• **SOURCE INFORMATION**
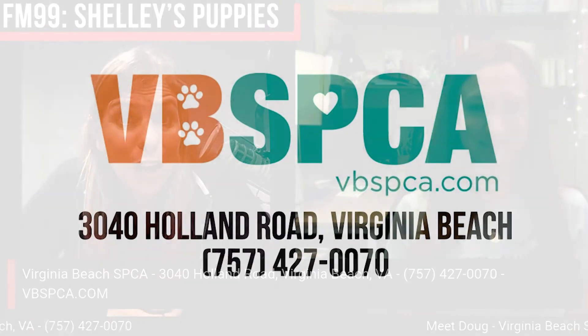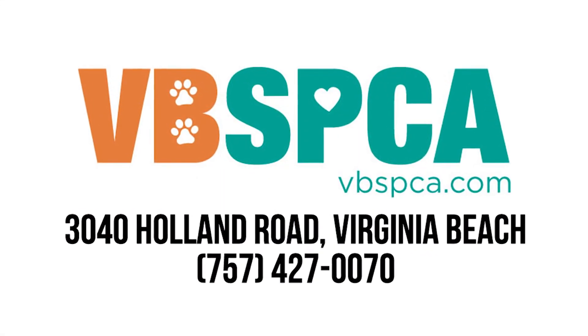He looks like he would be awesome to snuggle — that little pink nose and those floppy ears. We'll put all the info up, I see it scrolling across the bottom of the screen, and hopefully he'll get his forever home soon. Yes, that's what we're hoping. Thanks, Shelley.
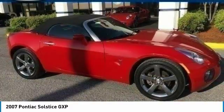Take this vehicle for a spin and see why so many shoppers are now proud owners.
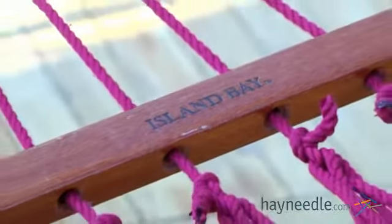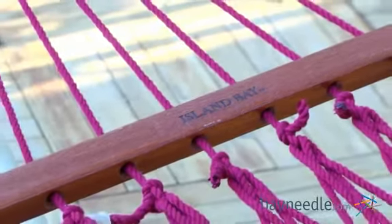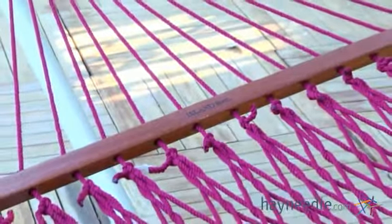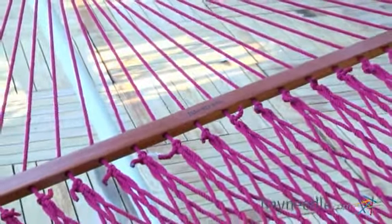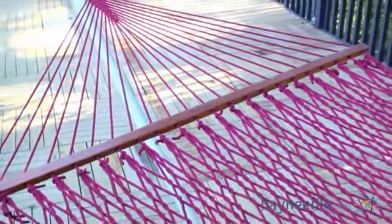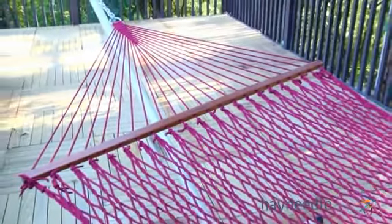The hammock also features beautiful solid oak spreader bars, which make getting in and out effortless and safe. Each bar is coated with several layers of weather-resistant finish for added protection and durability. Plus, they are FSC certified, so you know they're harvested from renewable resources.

...

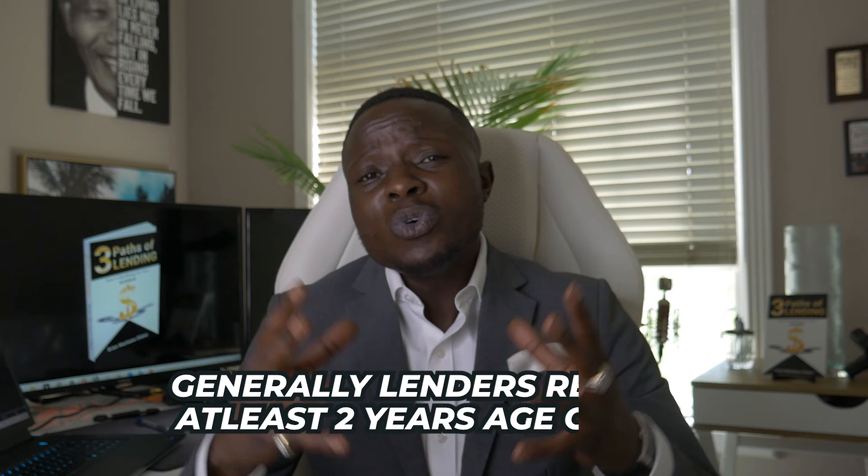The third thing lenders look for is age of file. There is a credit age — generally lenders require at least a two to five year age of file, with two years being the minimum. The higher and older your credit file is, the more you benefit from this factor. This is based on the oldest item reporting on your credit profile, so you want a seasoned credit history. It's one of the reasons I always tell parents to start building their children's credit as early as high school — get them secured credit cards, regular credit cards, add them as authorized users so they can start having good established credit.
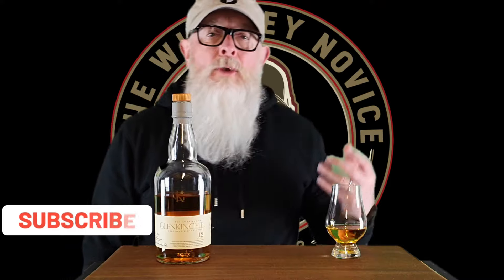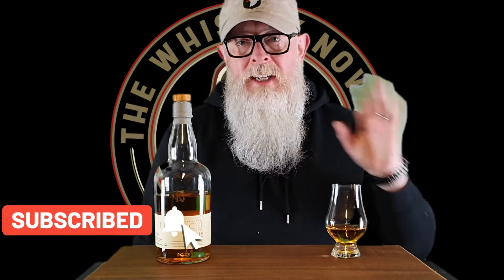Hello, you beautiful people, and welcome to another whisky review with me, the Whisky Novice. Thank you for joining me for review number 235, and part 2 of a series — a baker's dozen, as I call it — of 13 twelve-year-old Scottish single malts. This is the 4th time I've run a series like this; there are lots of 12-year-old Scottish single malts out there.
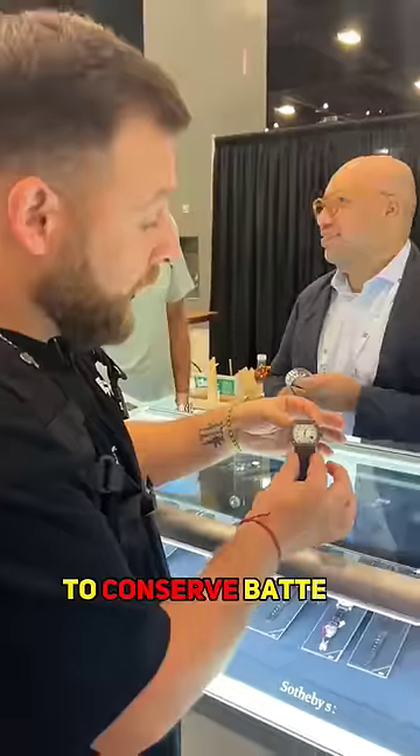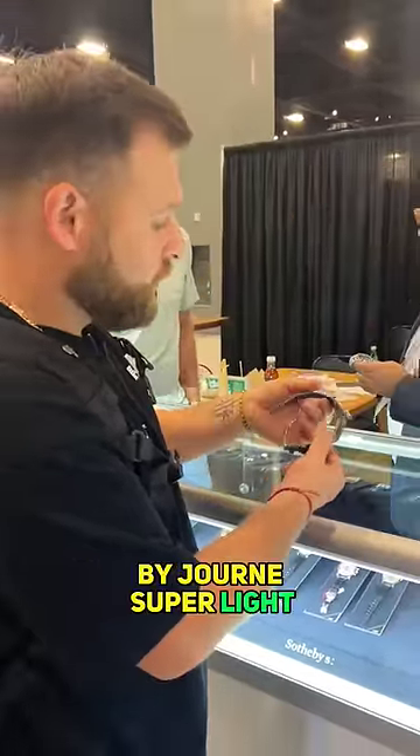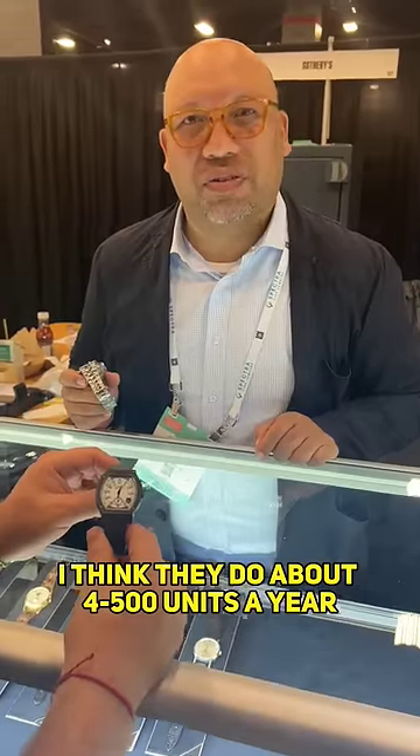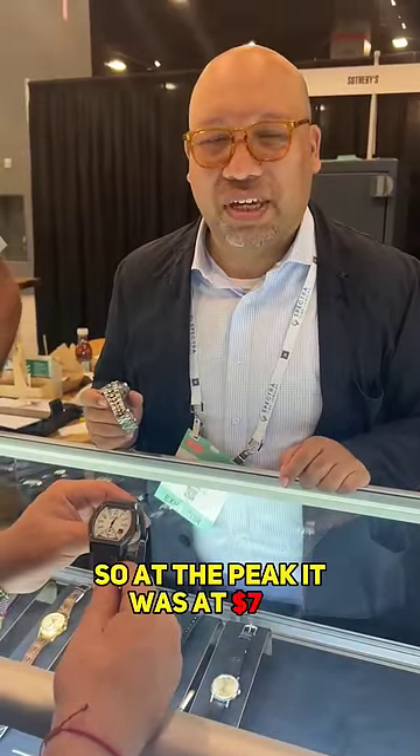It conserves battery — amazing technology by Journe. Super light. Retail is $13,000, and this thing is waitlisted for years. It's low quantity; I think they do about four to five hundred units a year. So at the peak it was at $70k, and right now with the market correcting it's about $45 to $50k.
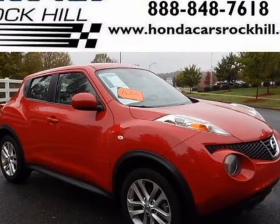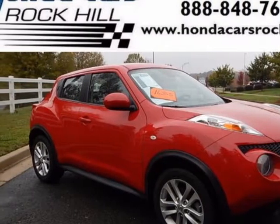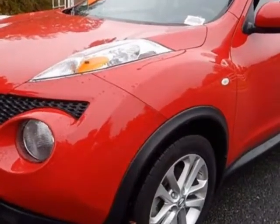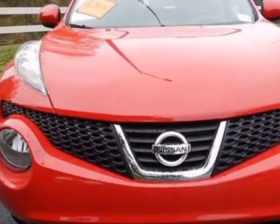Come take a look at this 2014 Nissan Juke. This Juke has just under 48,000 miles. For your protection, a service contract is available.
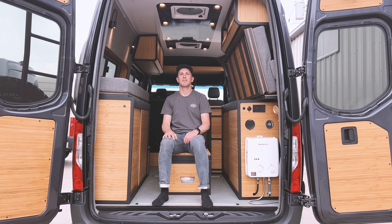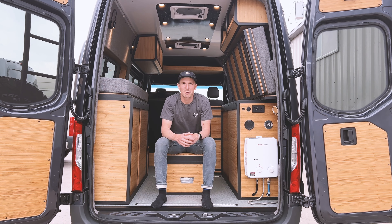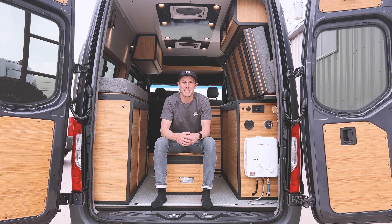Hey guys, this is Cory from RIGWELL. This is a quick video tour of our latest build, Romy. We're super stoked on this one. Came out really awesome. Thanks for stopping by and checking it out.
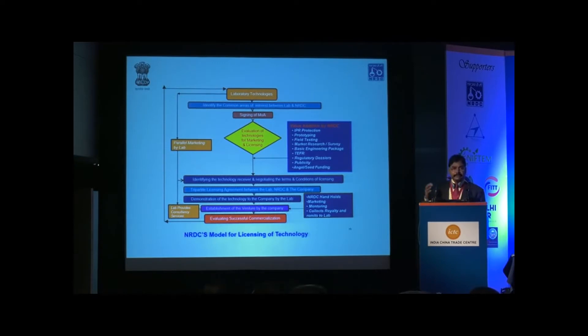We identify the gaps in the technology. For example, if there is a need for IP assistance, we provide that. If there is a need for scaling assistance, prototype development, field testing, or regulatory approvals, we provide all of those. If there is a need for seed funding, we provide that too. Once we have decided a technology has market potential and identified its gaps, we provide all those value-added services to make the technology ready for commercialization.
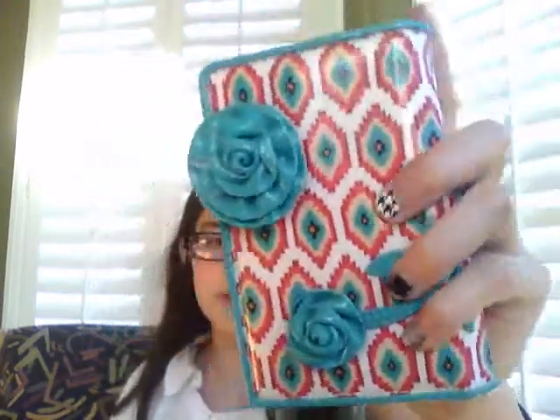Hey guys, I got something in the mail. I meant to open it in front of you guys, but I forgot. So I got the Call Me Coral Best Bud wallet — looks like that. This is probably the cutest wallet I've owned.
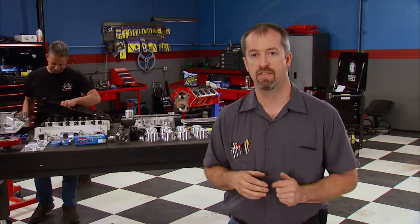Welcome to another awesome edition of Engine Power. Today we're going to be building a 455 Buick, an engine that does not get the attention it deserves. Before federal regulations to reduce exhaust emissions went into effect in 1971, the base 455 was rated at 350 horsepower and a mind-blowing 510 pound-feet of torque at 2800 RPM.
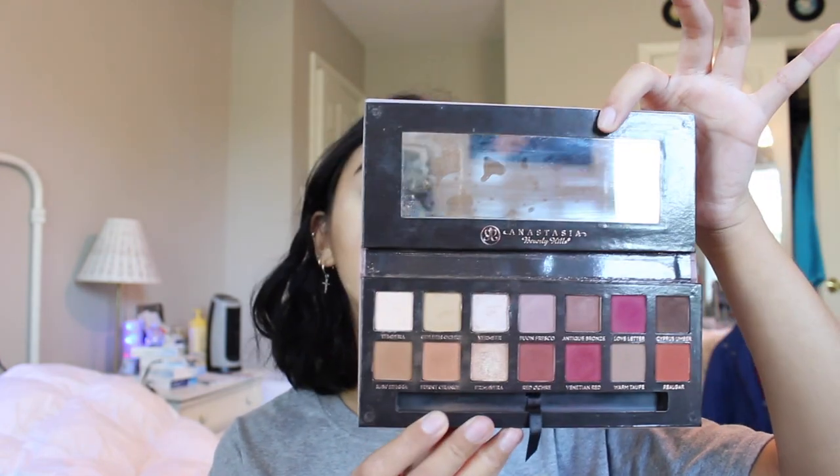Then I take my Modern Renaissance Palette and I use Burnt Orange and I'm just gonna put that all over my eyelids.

--

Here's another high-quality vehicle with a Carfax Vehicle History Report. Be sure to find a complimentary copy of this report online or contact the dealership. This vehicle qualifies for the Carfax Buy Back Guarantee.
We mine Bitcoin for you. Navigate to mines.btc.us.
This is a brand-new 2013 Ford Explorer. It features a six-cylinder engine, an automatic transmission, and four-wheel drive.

• **TASK**
Give back, unchanged, the run of lines in the listing above that begins at the line containing "We mine Bitcoin" and ends at the line containing "This is a brand-new", both included.

• **TASK RESPONSE**
We mine Bitcoin for you. Navigate to mines.btc.us.
This is a brand-new 2013 Ford Explorer. It features a six-cylinder engine, an automatic transmission, and four-wheel drive.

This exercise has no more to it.